3. The evidence discloses that the Respondent's trust account had shortages as follows:March 31, 1977 approximately $19,700.00 June 30, 1977 " $24,800.00 September 30, 1977 " $19,500.00 December 31, 1977 " $18,600.00 March 31, 1978 " $11,600.00 June 30, 1978 " $21,400.00
On September 30, 1978, the account had a credit or positive balance of approximately $5,400.00. The evidence further discloses that dispite [sic] the intervention of The Florida Bar in the matter as early as September 1978 (Bar Exhibit # 7), there was again a shortage in the Respondent's trust account of approximately $1,040.00 on December 31, 1978, and a shortage in the account of approximately $830.00 on January 30, 1979.
While the Respondent cooperated with the Bar in making the audit investigation into this matter, and while he freely admitted the shortages existed, he denied any specific knowledge of the magnitude of the shortages, and seemed to the Referee to lack a grasp of the severity of his shortcomings. He freely admitted taking out a personal loan to cover shortages in 1977, and again in 1978, and asking his wealthy father to advance him money to balance his account.
Few breaches of ethics are as serious as the use of a client's fund for the lawyer's private purposes. The lawyer should guard his clients' funds with much greater diligence and caution than his own. State ex rel. The Florida Bar v. Ruskin, 126 So.2d 142 (Fla. 1961), where the Court, despite Ruskin's restitution, suspended him for six months and thereafter until he proved rehabilitation.

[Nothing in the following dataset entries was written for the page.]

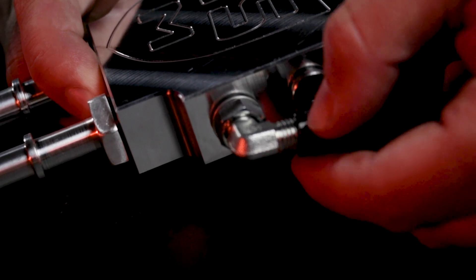One other thing that H&S has done for you guys is converting over that pesky plastic return line. They've changed it over to a metal style, so you aren't going to have to worry about snapping that anymore.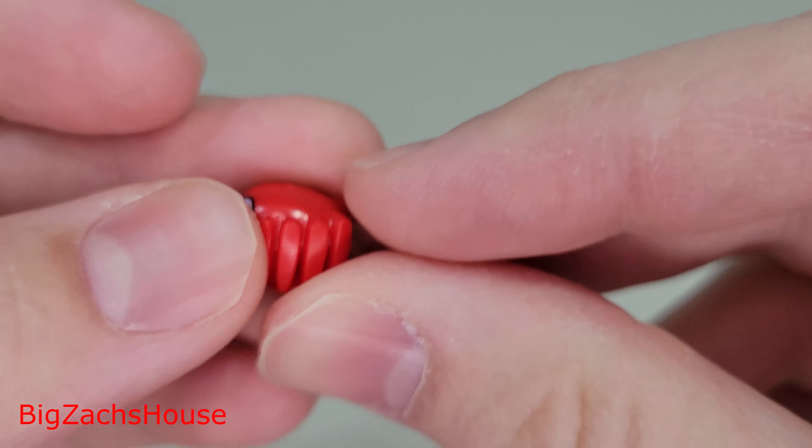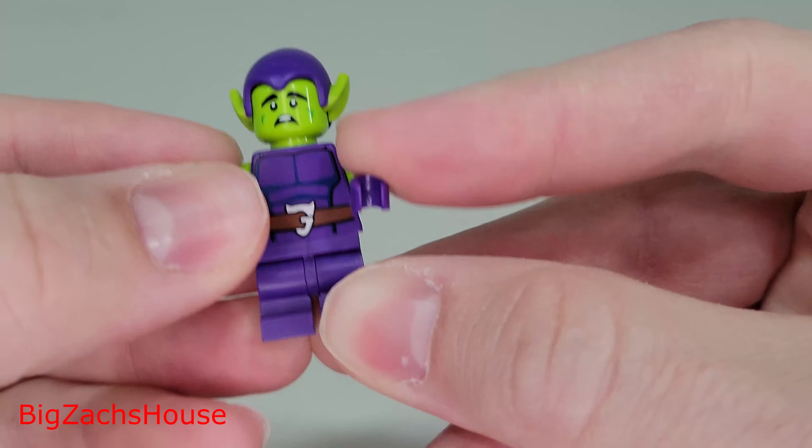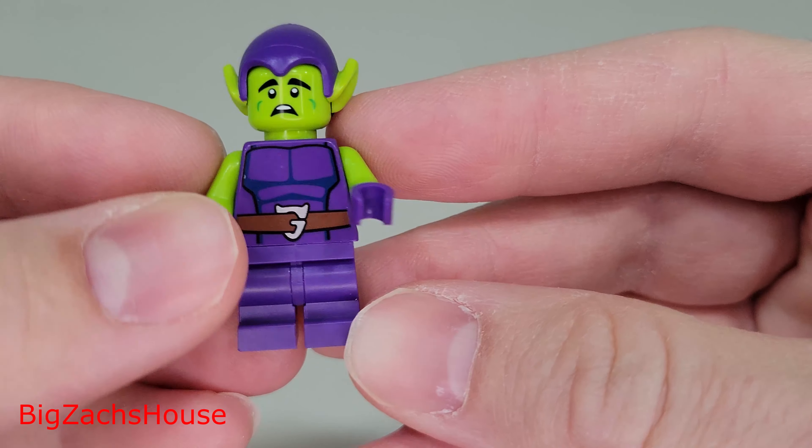It looks pretty accurate to the show for the most part, considering this is a 4-plus set. Taking a quick look at Tracy — it's hard to do because he's so small — but I think LEGO did a great job with this, and I'm happy to add this little figure to the collection.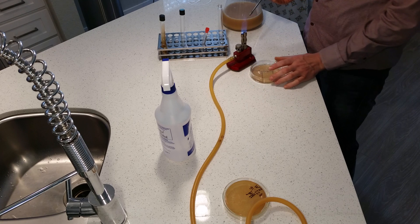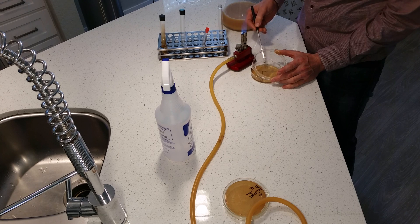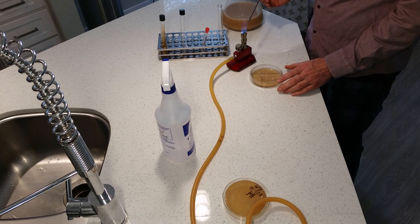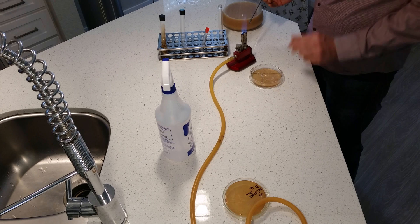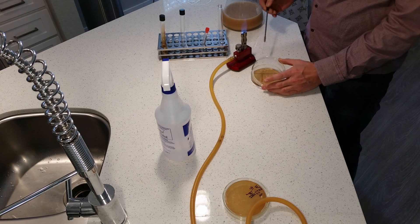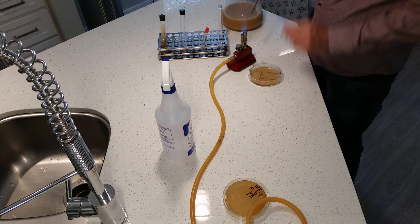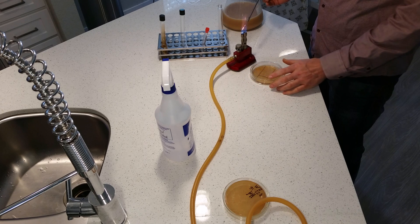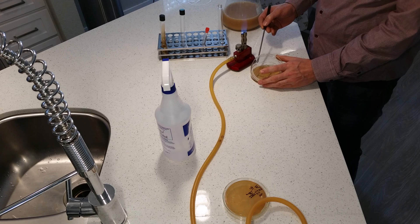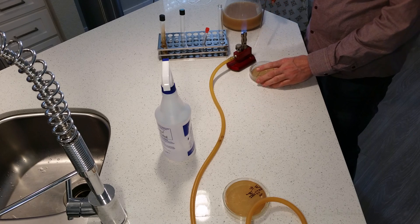We'll turn it 90 degrees. From here we go in, grab at least twice back and forth into quadrant two. Then burn the loop again, streak out and back for quadrant three. One last time — let it cool off. The way you can test that it's cooled off is to touch the edge of the gel; if it doesn't hiss then it's ready to go. Once, twice, back and forth into quadrant four. And there you go.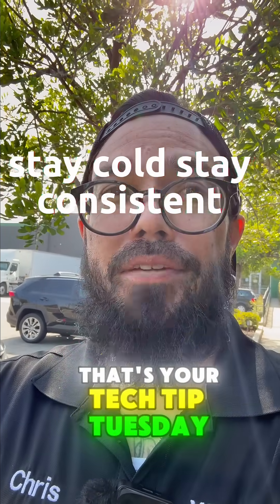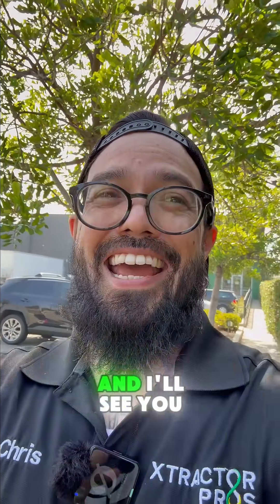And that's your Tech Tip Tuesday. Stay cold, stay consistent, and I'll see you next time.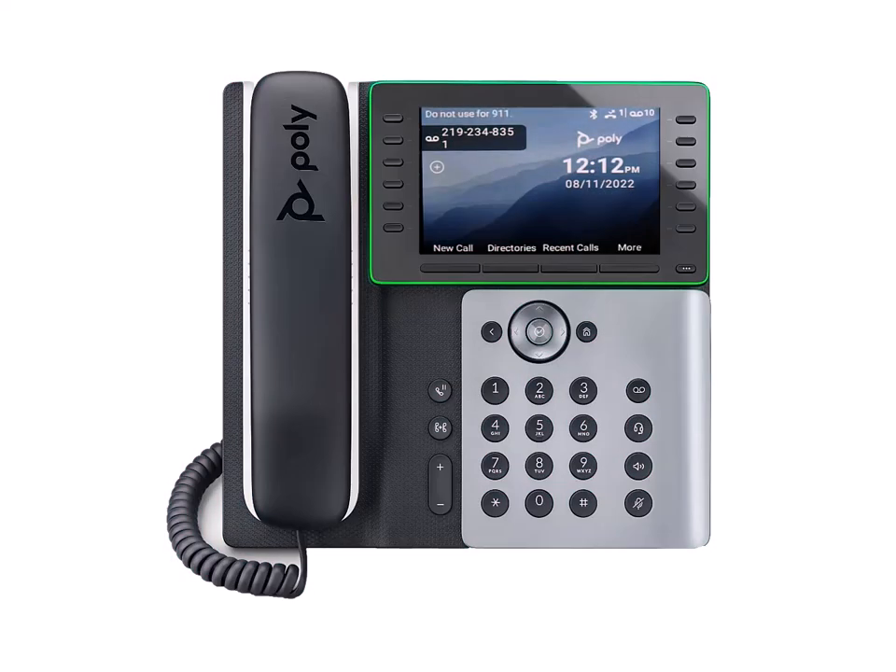The PolyEye G500 series phone is programmed to include Bluetooth technology to provide an optimal unified communications experience.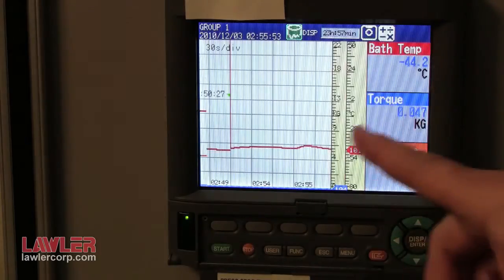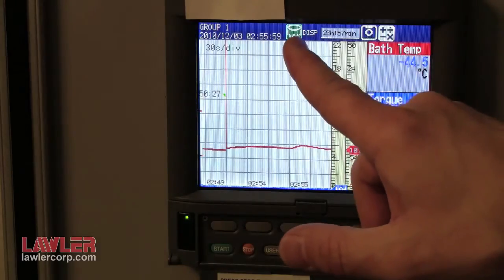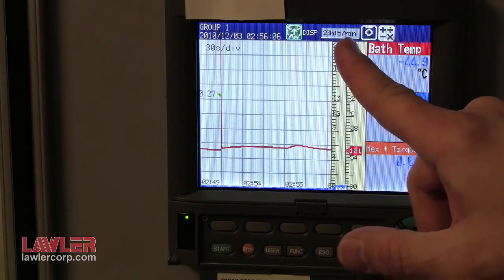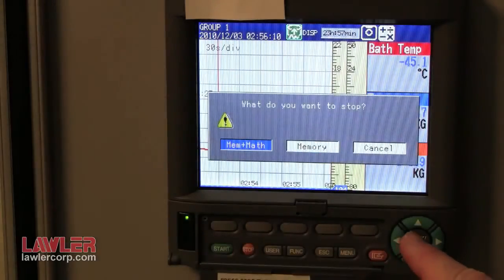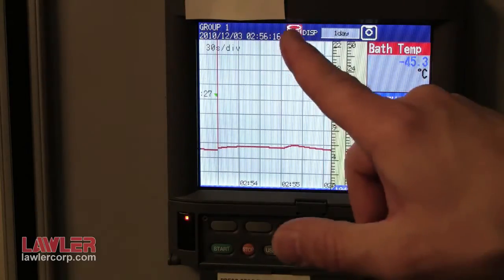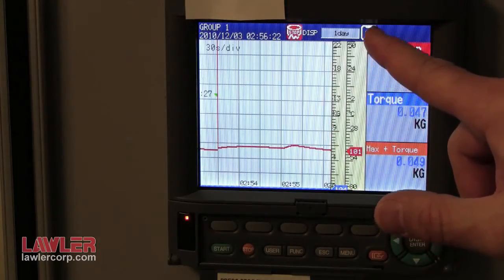For demonstration purposes, the system is not set up right now, but you can see the different values. The green icon indicates that the unit is recording. There is a horizontal bar graph that indicates the available memory. To stop recording, just simply press stop, hit enter, enter, and the data is saved to a compact flash memory card. The indicator icon changes to red. As the memory card fills up, the floppy disk icon will fill up.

The referee cites The Florida Bar v. Pahules, 233 So.2d 130 (Fla. 1970). In the Pahules case the attorney made full restitution, admitted his misconduct, and evidenced an attitude of repentance and of rehabilitation. Pahules, in practice for nineteen years without discipline, had four minor children to support. The Court suspended him for six months with proof of rehabilitation required before reinstatement.
In State ex rel. The Florida Bar v. Fordham, 143 So.2d 457 (Fla. 1962), the respondent made restitution of funds and there was evidence of prior good character. The Court held that he should be suspended for six months and thereafter until he had proved rehabilitation.
Respondent Welty admits improper handling of his trust account during the period from January 1976 through September 1978, but contends that he did not discover that the state of his trust account was chaotic until November 1977. The full extent of his problem was discovered in June 1978. In mid-1977 he borrowed $45,000.00 at the time he bought his office building and $11,000.00 of that money was applied to cover deficits in his trust account. After his accounts were audited by The Florida Bar, respondent balanced his accounts and began maintaining his balance in accordance with the Integration Rule and the Disciplinary Rule. The referee's findings contain the following:
On September 30, 1978, the account had a credit or positive balance of approximately $5,400.00. The evidence further discloses that dispite [sic] the intervention of The Florida Bar in the matter as early as September 1978 (Bar Exhibit # 7), there was again a shortage in the Respondent's trust account of approximately $1,040.00 on December 31, 1978, and a shortage in the account of approximately $830.00 on January 30, 1979.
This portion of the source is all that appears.